Jerzy Skolimowski, który w środę podczas gali inauguracyjnej festiwalu filmowego w Wenecji otrzyma nagrodę Złotego Lwa za całokształt twórczości, powiedział dziennikarzom na konferencji prasowej, że jednym z tematów w kinie powinna stać się kwestia migracji.
W czasie spotkania z krytykami filmowymi i wysłannikami mediów z wielu krajów w wypełnionej do ostatniego miejsca wielkiej sali konferencyjnej festiwalu Skolimowski podkreślił: „Sam byłem emigrantem przez wiele lat i wiem, co to znaczy opuścić swój kraj i zacząć życie od nowa”. Wyraził opinię, że migranci „zasługują na to, by patrzono na nich z sympatią”.
„Uważam, że ten temat powinien pojawić się w filmach w najbliższej przyszłości - powiedział reżyser. - Powinniśmy spróbować dowiedzieć się czegoś o nich, zrozumieć ich, a potem oceniać. Jeśli opinie oparte są na uprzedzeniach nie jest to dobre”.
Pytany o obecną kondycję polskiego kina odparł, że przeżywa ono dobry okres, a polskie filmy są na niemal wszystkich ważnych międzynarodowych festiwalach. W tym kontekście wymienił Locarno i San Sebastian.

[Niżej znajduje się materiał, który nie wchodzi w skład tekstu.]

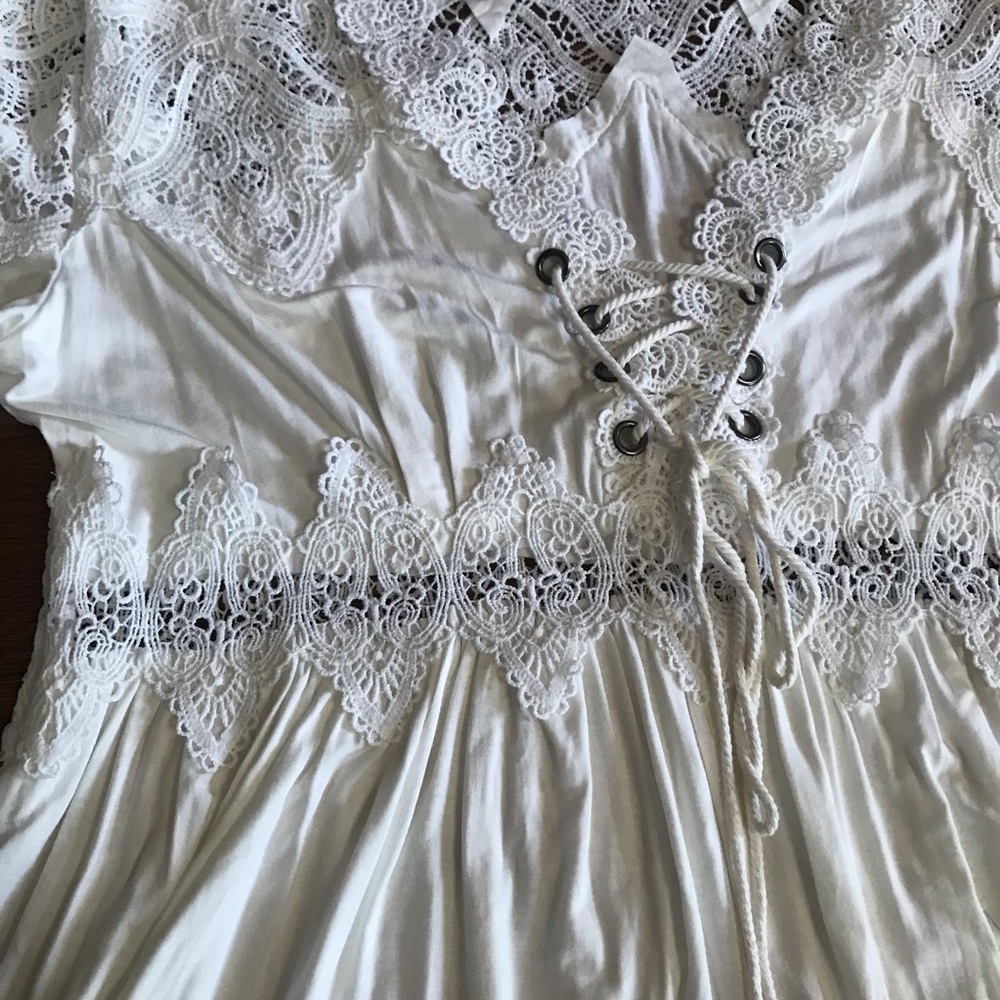 SOLD Pol L white lace boho blouse bell sleeve fairy corset beachy - Picture 3 of 9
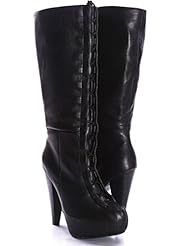 Shoes: Forever Link FAUX LEATHER LACE UP STACKED HEEL KNEE HIGH BOOTS Shoes 8 BLACK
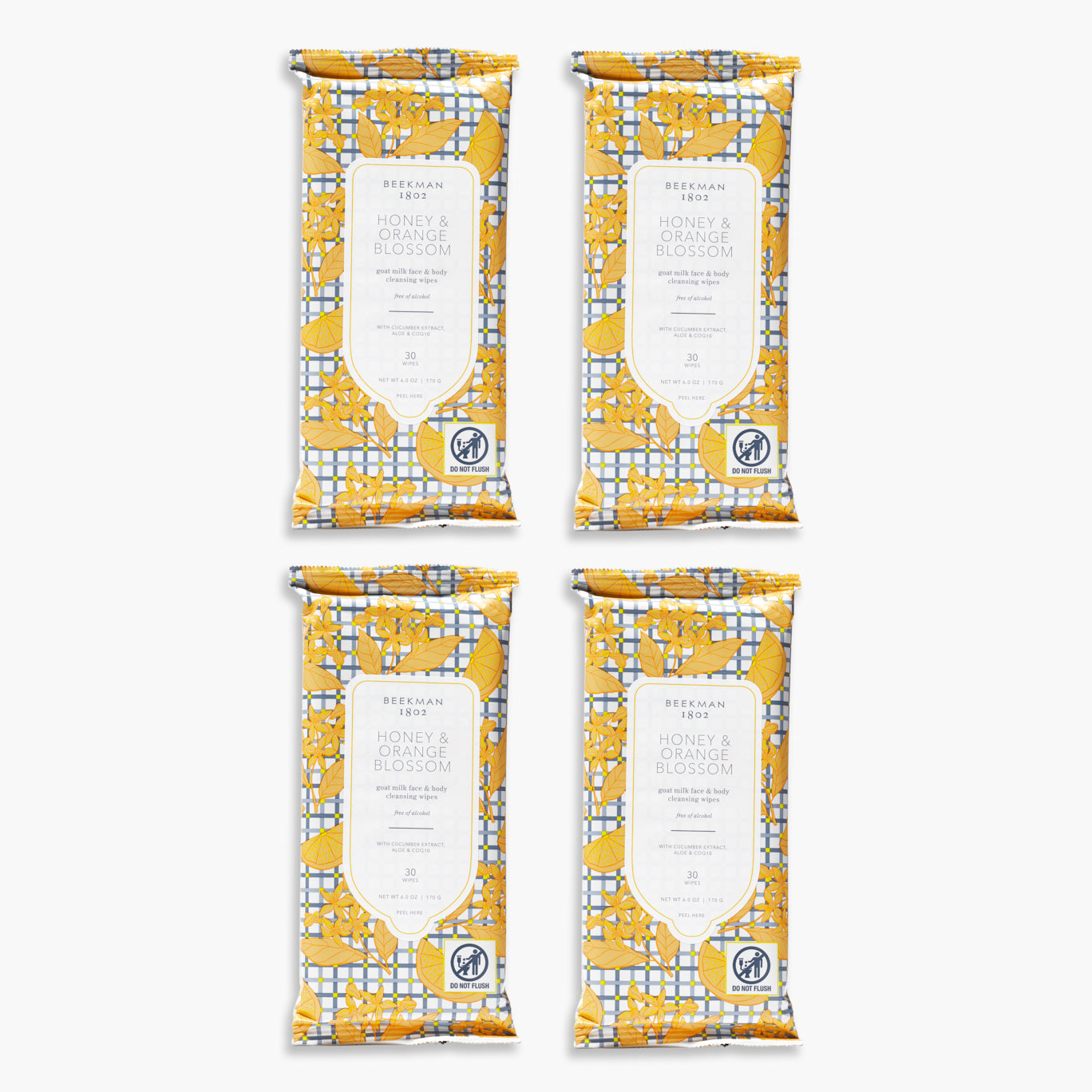 Organic Honey & Orange Blossom Facial Cleansing Wipes - 4 Pack | Gentle Makeup Remover & Skin Refresher for Daily Skincare Routine
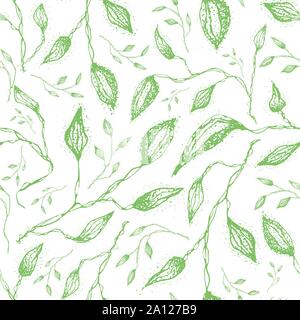La main sophistiqués des tiges de feuilles vertes dans un style vintage. Modèle vectoriel continu sur fond blanc. Idéal pour les produits de santé et de bien-être Illustration de Vecteur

Skolimowski oświadczył, że będzie starał się udowodnić, że zasłużył na Złotego Lwa za całokształt twórczości. Zadeklarował, że nie traktuje tego wyróżnienia jako klamry kończącej jego twórczość i wyraził przekonanie, że znajdą się ludzie, którzy będą zachęcać go do dalszej pracy.
Polskiego reżysera pytano też, czy cenzura może być inspirująca dla twórców. „Oczywiście żadna cenzura nie jest rzeczą dobrą” - zastrzegł od razu. Wspominał, że w latach 60. sam doświadczył jej działania.
„Szukaliśmy dróg, jak uniknąć cenzury czy lepiej: jak ją oszukać” - wyjaśnił reżyser. Opowiadał o posługiwaniu się metaforami i nowymi formami wyrazu. „To był kreatywny aspekt stworzony przez cenzurę” - mówił. „Byłem jednym z tych, którzy prowadzili grę z cenzurą”- stwierdził filmowiec.
Przyznał, że raz „przesadził” w filmie „Ręce do góry” z 1967 roku, gdzie posłużył się portretem Stalina. Film został zatrzymany przez cenzurę, która - jak zaznaczył Skolimowski - „zrozumiała” jego intencje. Reżyser tłumaczył, że właśnie ten film był powodem jego emigracji.
„Nawet wtedy, gdy prowadzi się grę z cenzurą, nie jest to dla nikogo dobre” - ocenił.
Pytany zaś o to, jak widzi obecnie kino w czasach nowych technologii, zauważył: „Otuchą napawa to, że ludzie chcą oglądać jeszcze coś na ekranie i to niezależnie od tego, jak jest on duży”.
Skolimowskiego powitał na konferencji prasowej dyrektor festiwalu Alberto Barbera, który przedstawił jego twórczość. To on był pomysłodawcą wręczenia reżyserowi Złotego Lwa za całokształt dokonań. "To uznanie dla nadzwyczajnej działalności artystycznej" - oświadczył. „Witamy ponownie w Wenecji” - dodał Barbera przywołując kilkukrotną obecność reżysera na Lido.
W 1985 roku Skolimowski otrzymał specjalną nagrodę weneckiego jury za film „Latarniowiec” ("The Lightship"). Specjalną nagrodę przyznano mu też w 2010 roku za film „Essential Killing”. W zeszłym roku w głównym konkursie brał udział jego obraz „11 minut”.